今月の法話
平成23年8月
「やって見せる」と「やっている」
幼くして父親を亡くし、女手一つで苦労して育てられた学校の先生がこう話された。
「昔、食事の時、鼻紙を座に残して行く事を、私は時々母に注意された。それでも残して行けば、母は黙って始末をしてくれる。それでついずるい心で、母の始末を良い事に、私はよく鼻紙を残して立った。母は黙々として、いつもそれを片付けた」
このお母さんの行いが、知らず知らずの内に先生自身を感化していたことを、大人になり教師という立場で強く意識されたのである。
廊下に落ちている紙屑や糸屑を平気で見過ごす生徒達に度々注意しても、やはりいつも塵が廊下に落ちていた。先生は、それを黙々と拾われるのである。
ある時、先輩先生に「君が塵を拾っても、教育にならん。生徒に拾わせねば、教育にならんじゃないか」と言われても、先生は黙々と廊下の塵を拾われていくのである。
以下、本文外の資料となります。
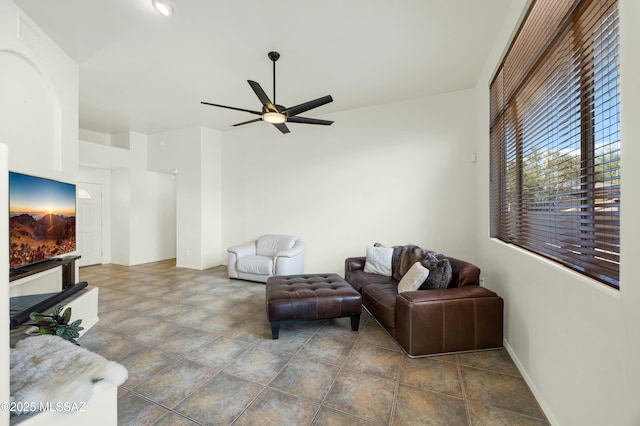 living area with baseboards and ceiling fan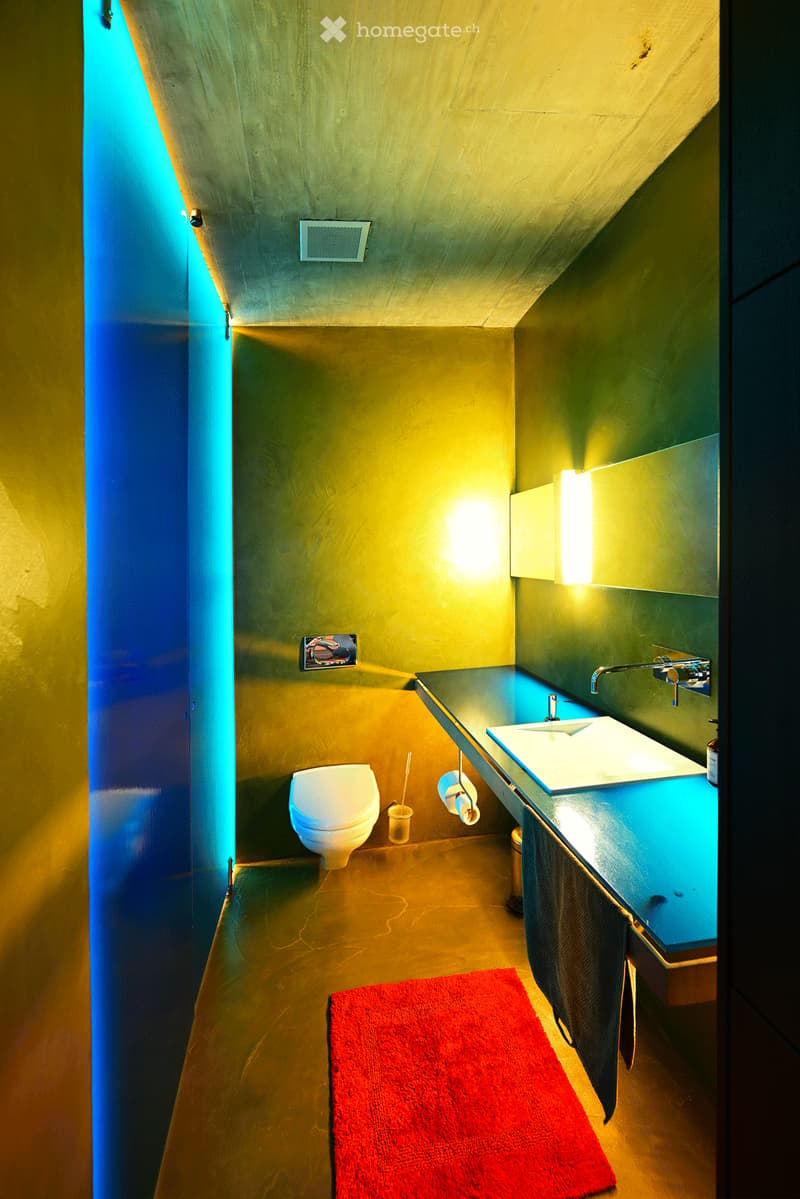 Modern bathroom with a toilet, sink, mirror, and a red rug on the floor. The walls are painted in a gradient of yellow and blue, and the lighting is warm and soft.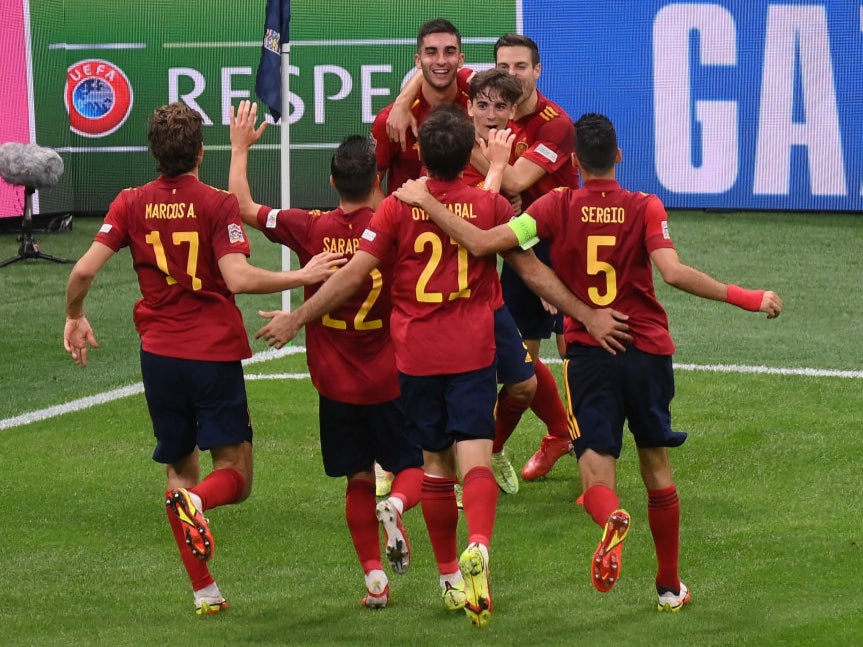 Spain celebrate Ferran Torres’s second goal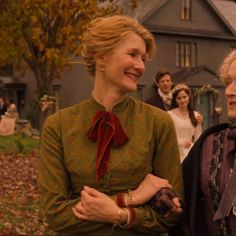 two women standing next to each other in front of a house with people around them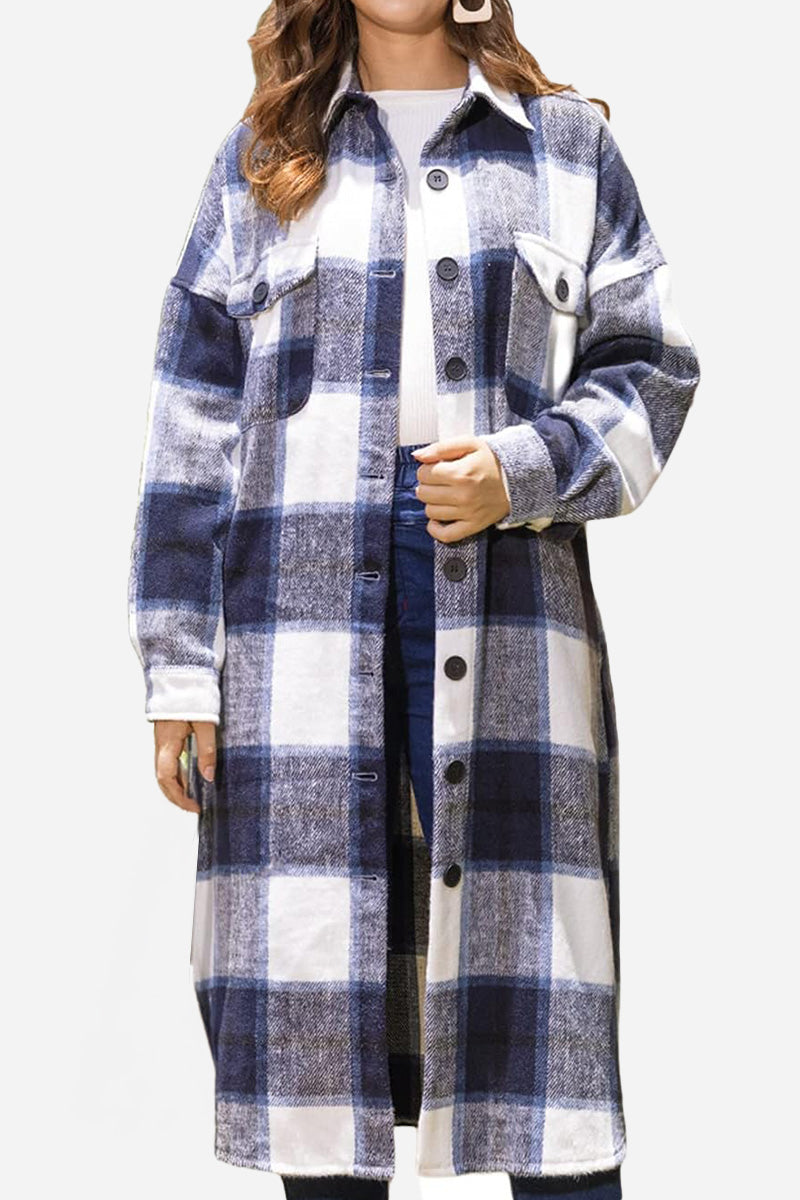 Woman wearing oversized medium-length blue plaid overshirt with buttons and patch pockets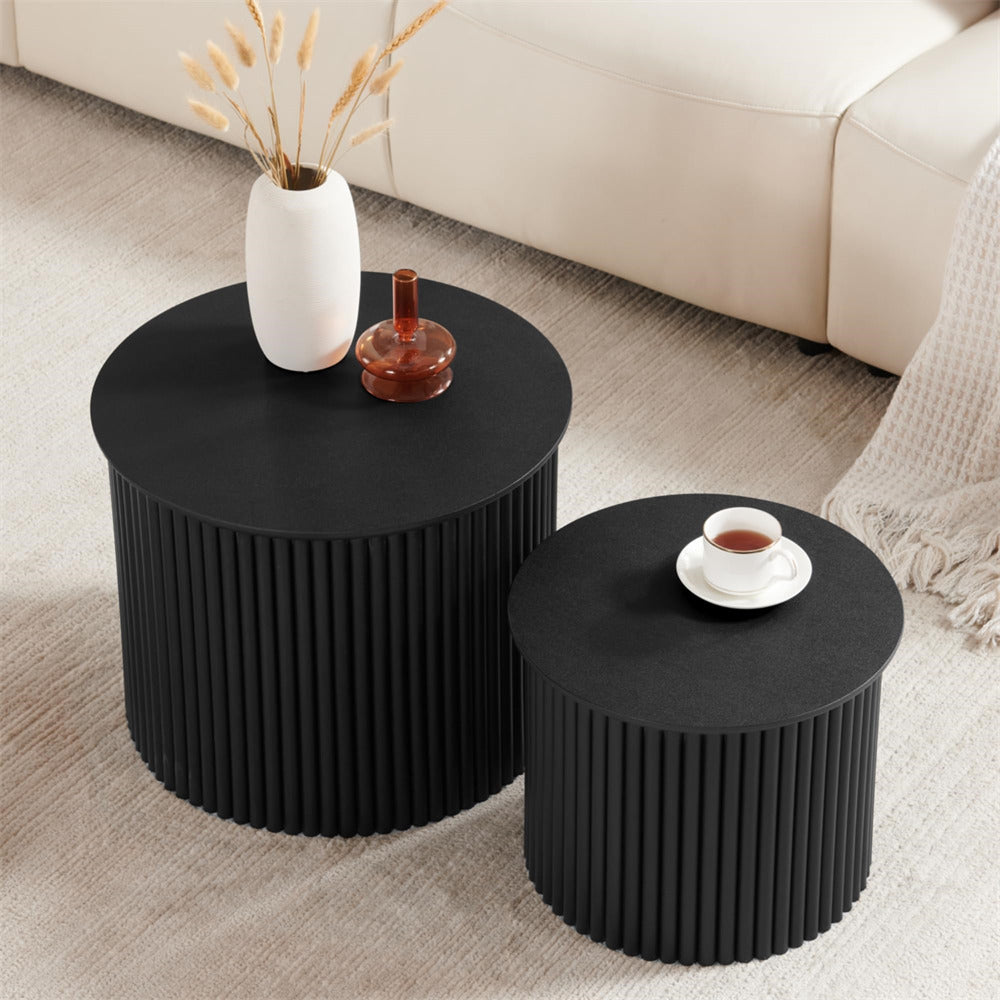 Two black side tables with decorative items on a beige carpeted floor.
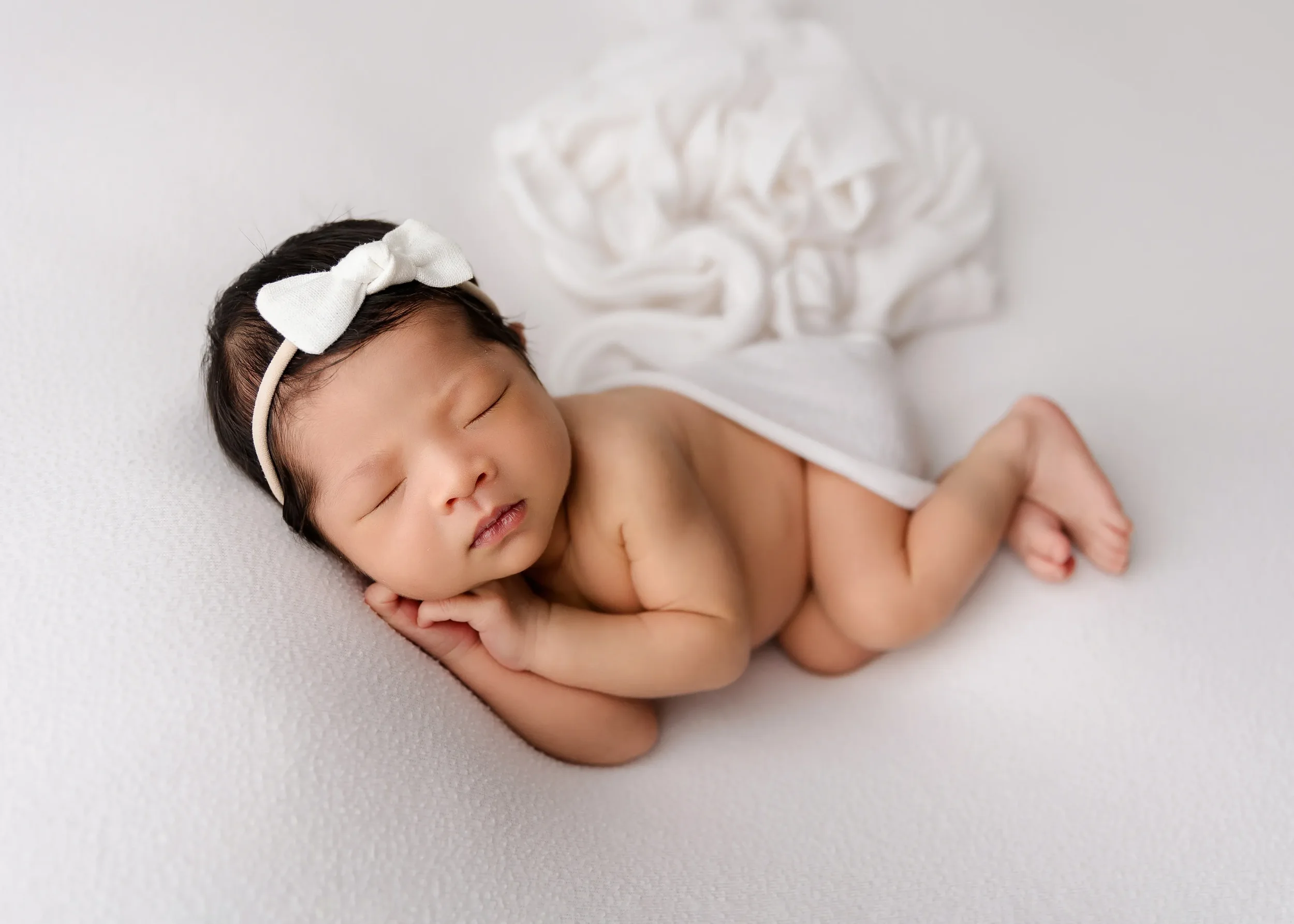 Newborn baby sleeping and wearing a white bow, by San Francisco Photographer Eva Baker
なぜか?―“言って聞かす”よりは、自分が黙って塵拾いを繰り返している方が、教育としてより深刻であることを、先生はお母さんによって知らされていたからである。
「心ない生徒は、今日も塵を拾わない。先生に拾わせて平気である。しかし、もう少し年が行って、1人前の大人になった時、この教育が生きてくるのである。心なくも先生に塵を拾わせている生徒達も、家庭を持った時、必ず私の無言の行がよみがえる事を私は信じている」と。つまり、先生の教育は実行の教育である。言って聞かす教育ではなく、やっている教育である。”やって見せる”のではない。”やっている”のである。
お寺やお墓参りも、お参りしていること、またお念仏の心構えも、飾らぬ心でただ、阿弥陀様のお救いを信じ、一途に南無阿弥陀佛とお念仏申していることがより大切なのです。